Given information:
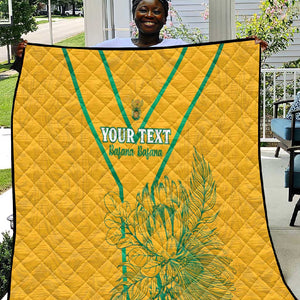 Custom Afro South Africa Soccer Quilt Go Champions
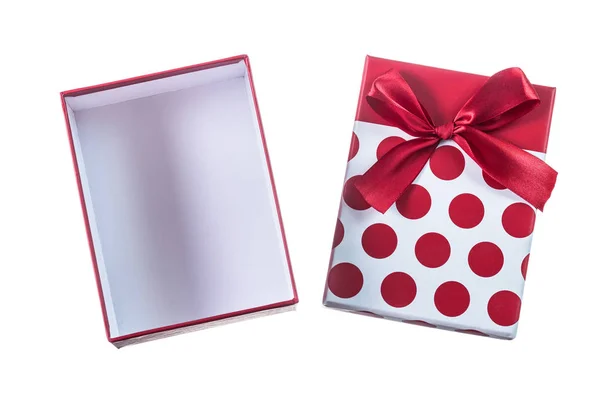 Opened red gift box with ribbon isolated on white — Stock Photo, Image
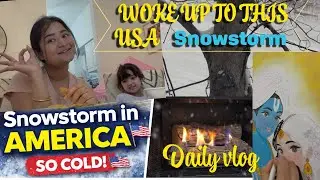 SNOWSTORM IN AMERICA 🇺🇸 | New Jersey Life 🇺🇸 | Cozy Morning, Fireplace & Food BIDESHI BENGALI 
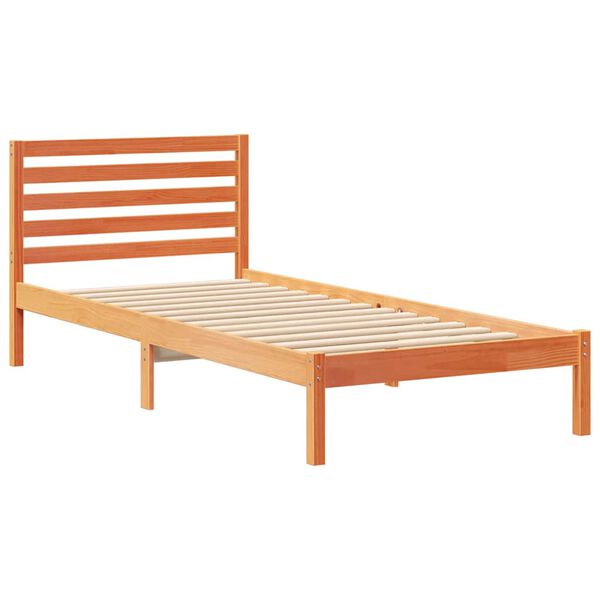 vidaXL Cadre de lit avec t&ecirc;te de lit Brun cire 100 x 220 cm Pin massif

What is expected: Take the line containing "Opened red gift" and all lines after it to the end of the data above, and reproduce them exactly, leaving out pictures. Nothing else belongs in the copy.

Exercise output:
 Opened red gift box with ribbon isolated on white — Stock Photo, Image
 SNOWSTORM IN AMERICA 🇺🇸 | New Jersey Life 🇺🇸 | Cozy Morning, Fireplace & Food BIDESHI BENGALI 
 vidaXL Cadre de lit avec t&ecirc;te de lit Brun cire 100 x 220 cm Pin massif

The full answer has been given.